Cosan, Nynas Earnings Down


Cosans lubricant production and distribution arm – renamed Moove last year – posted a decrease in net revenue, but an increase in sales volume during its first quarter, and Nynas reported a decrease in operational cash flow for its naphthenic unit.


Moove reported a net revenue of Brazilian reais 446.7 million ($141.5 million) for its first quarter, down roughly 7 percent from a year earlier. The company attributed this decrease to a lower exchange rate during the period, though Cosan notes the Brazilian real appreciation contributed to lower cost of products sold.

However, lubricant sales volume grew from 77, 000 cubic meters in the year-earlier quarter to 81,000 cubic meters in the first quarter.

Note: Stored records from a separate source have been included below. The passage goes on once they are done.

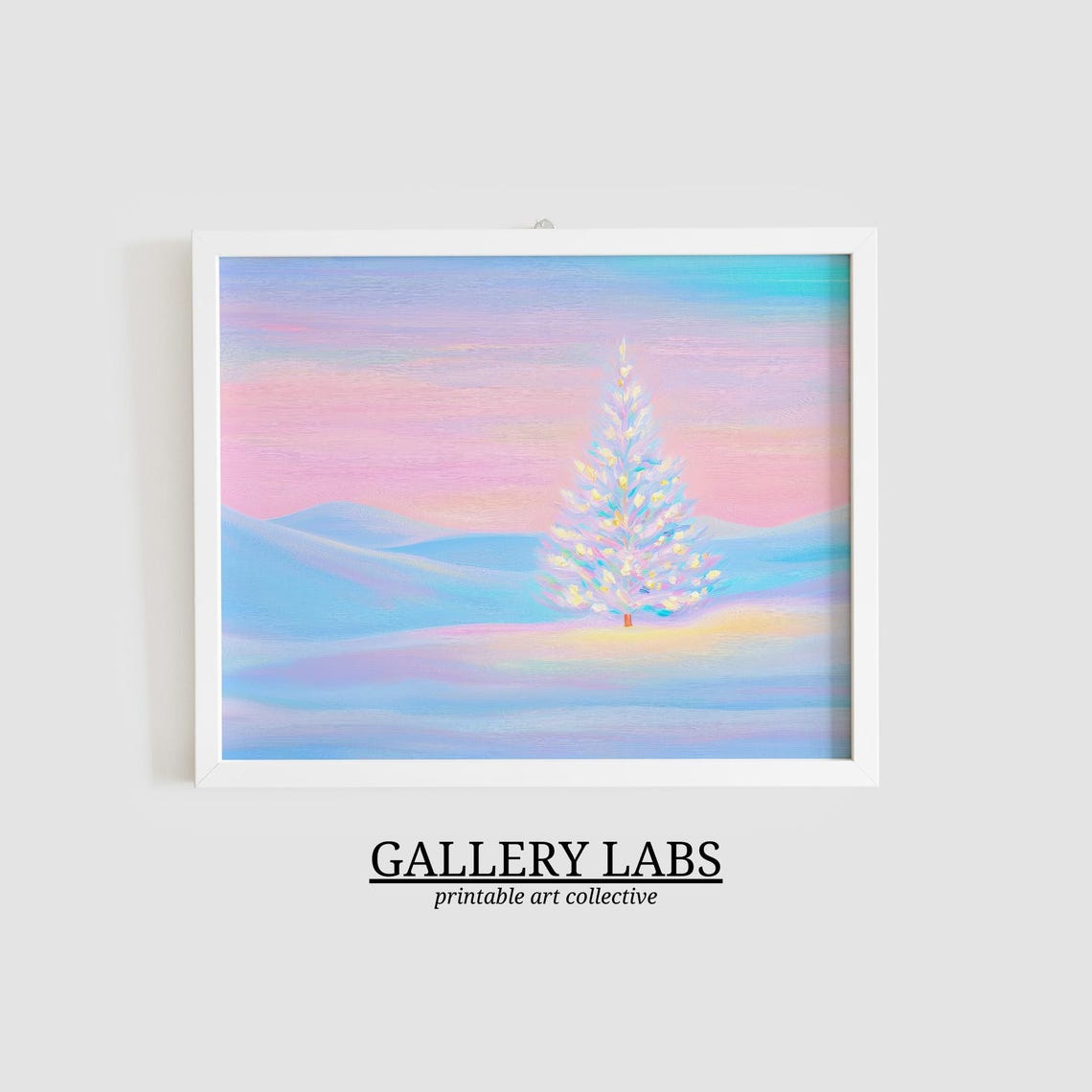 Glowing Pink Christmas Tree Snowy Pastel Valley Holiday Art Poster - Image 2
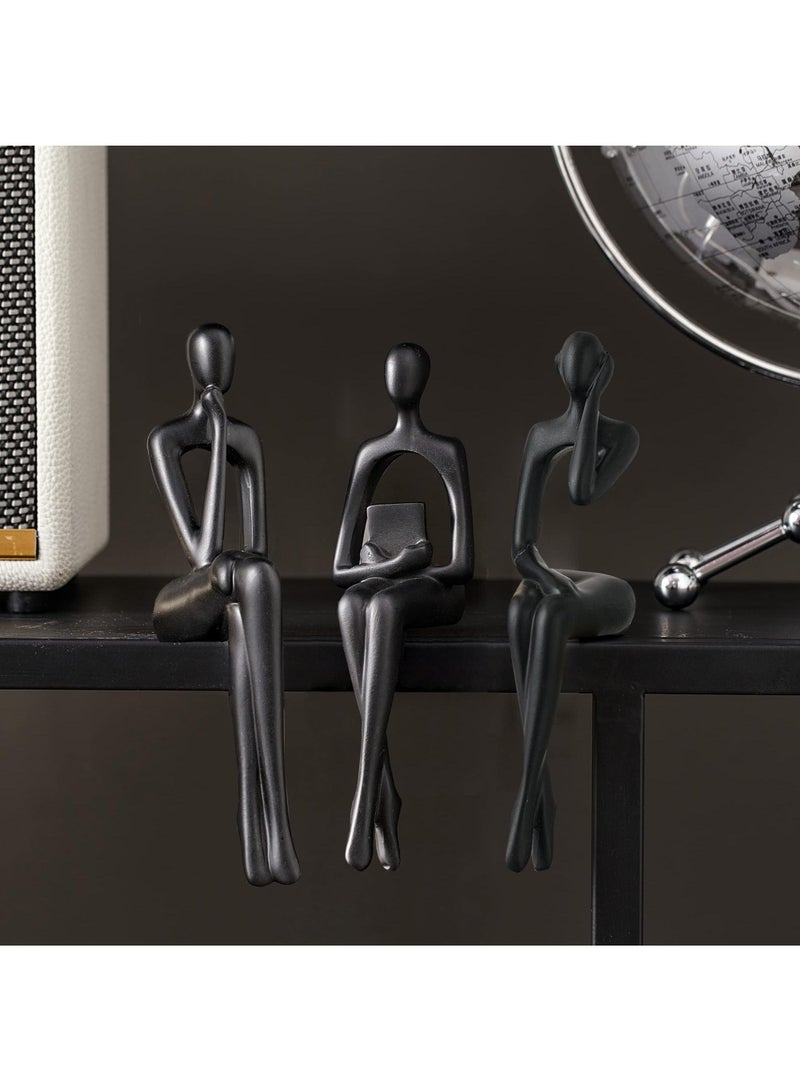 مجموعة من 3 قطعة من الفن التجريدي المفكر النحت التجريدي النحت زخرفة زخرفة الراتنج التماثيل الحديثة مكتب زخرفة رفوف صغيرة ديكور المنزل ديكور غرفة المعيشة التماثيل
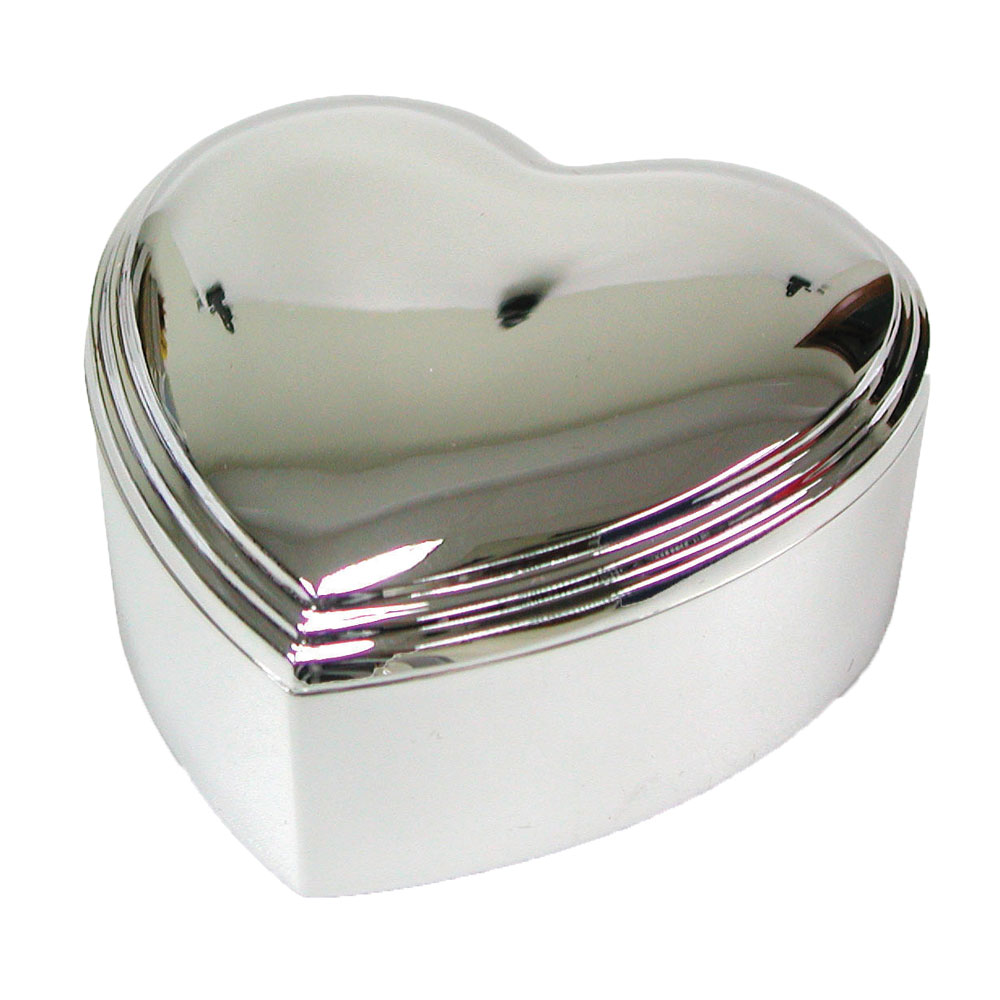 Forkromet smykkeskrin hjerte 12x12 cm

Moove outperformed the industry average again by growing sales volumes by 1 percent, reflecting the strategy of growing market share among [original equipment manufacturer] automakers in Brazil, said the company in its earnings report.

Sao Paulo, Brazil-based Cosan, a producer of sugar and ethanol products since 1936, expanded through acquisitions beginning in 2008 to become a distributor of fuels and lubricants.

Novvi, a joint venture between Cosan and U.S. research firm Amyris, develops renewable synthetic base oil from sugarcane.


Nynas naphthenic business unit, which primarily supplies base oils, posted an earnings before interest, taxes, depreciation and amortization of 206 million Swedish krona ($23.4 million) for its first quarter, down from 383 million Swedish krona a year earlier, which included income compensation of 262 million korna for a discontinued tolling agreement.

The Swedish company reported a modest increase in net sales for its naphthenic unit to 1.8 million korna from 1.6 million krona in the previous years first quarter.

Sales volumes in Europe, the Middle East, India and African soared above the companys expectations, with Central Europes, Germanys and the Middle Easts sales at record levels. Also reaching record levels in sales was the Asia Pacific region, with China setting a new monthly sales record in March.

Sales in the Americas, however, fell below expectations, which the company attributes to supply constraints.

Demand was strong for our [naphthenics business] and, consequently, volumes were up compared to last year, said Nynas President and Chief Executive Officer Gert Wendroth said in its first quarter interim report. The market for base oils turned tight during the first months of the year, pushing pricing upwards. Even though we are always lagging with price increases for our finished products, margins for our naphthenic specialty oils improved compared to last year.

Nynas is co-owned by Neste Oil and Petroleos de Venezuela S.A. (PdVSA), which has a long-term marketing agreement to sell naphthenic base oils produced by the Refineria Isla refinery operated by PdVSA in Emmastad, Curacao. That plant has 3,700 b/d of naphthenic capacity and 5,000 b/d of paraffinic Group I capacity.